Wednesday, July 6, 2016

2016 Direction to Wildland Fire Leadership


June 29, 2016
Memorandum
To: Chief, U.S. Forest Service
Director, Bureau of Land Management
Director, National Park Service
Director, U.S. Fish and Wildlife Service
Director, Bureau of Indian Affairs
From: Sally Jewell, Secretary of the Interior
Thomas J. Vilsack, Secretary of Agriculture
Subject: 2016 Direction to Wildland Fire Leadership
The greatest losses during the 2015 wildfire season involved the fatalities of 13 wildland firefighters who made the ultimate sacrifice to protect the lives of others and the lands and resources we are entrusted to manage. The 2015 wildfire season is now the costliest on record. During the 2015 wildfire season, the Department of Agriculture's Forest Service alone spent $1.7 billion, while the Department of the Interior spent $417.5 million to manage 68,151 fires that burned 10,125,149 acres, the highest total since recordkeeping began in 1960. We anticipate the 2016 wildfire season to be another challenging year.

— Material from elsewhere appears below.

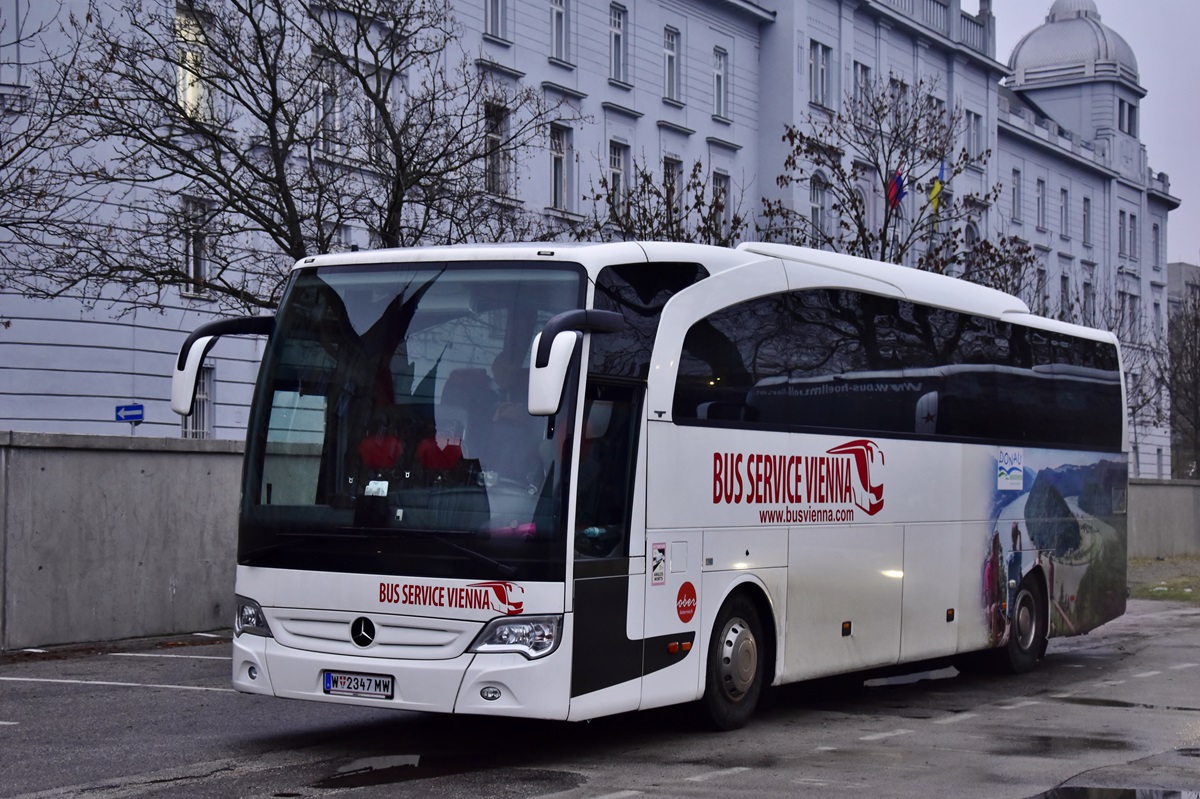 Wien, Mercedes-Benz Travego II 15RHD č. W-2347 MW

As in the past, wildfire risk in 2016 will be highly dependent upon both weather and human factors. The drought potential remains elevated in some areas of the West, which may have an impact on wildfire risk in the coming year. We fully evaluate risks with a broad perspective for both planned and unplanned ignitions while considering the people we serve and landscapes we protect. In accordance with the goals of the National Cohesive Wildland Fire Management Strategy, we seek to create resilient landscapes and fire-adapted communities, and provide safe, efficient wildfire response.
Our implementation of Federal wildland fire policy follows direction set forth in the Guidance for Implementation of Federal Wildland Fire Management Policy, 2009. The protection of firefighters and public safety is the single, overriding priority in every fire management activity. Setting priorities among protecting public communities and community infrastructure, other property and improvements, and natural and cultural resources will be done based on the values to be protected, human health and safety, and the costs of protection. These overarching priorities direct our collective fire management activities.
Department of the interior Secretarial Order 3336 establishes protecting, conserving, and restoring the health of the sagebrush-steppe ecosystem as a critical fire management priority. We expect that Agency administrators and fire managers will integrate this additional priority into the allocation of fire management resources and assets, particularly in priority habitat in Fire and Invasive Assessment Team-identified areas, and will ensure fire management activities are consistent with the 2009 Guidance and its overarching priorities, most importantly, to protect firefighter and public safety. We also recognize our trust responsibility to tribes.
These priorities form the basis for firefighting resource and asset prioritization and allocation decisions by the National Multi-Agency Coordinating Group, the various Geographic Multi-Agency Coordinating Groups, local coordinating groups, and each manager of Forest Service and interior units. We recognize that additional firefighting resources and assets may be required to meet these priorities.
We ask you to communicate and emphasize these priorities to your managers, fire staff, and all employees, and to remember the basic tenets of wild land fire management: 
  • Be prepared with a well-trained, qualified workforce and a clear, up-to-date plan for responding to wildfires;
  • Acknowledge risks and actively mitigate them in order to minimize their effect;
  • Stress cooperation and communication between agencies, bureaus, states, tribes, partners, and interested members of the public; and
  • Actively participate in incident briefings and utilize a review/lessons-learned process to improve and praise actions.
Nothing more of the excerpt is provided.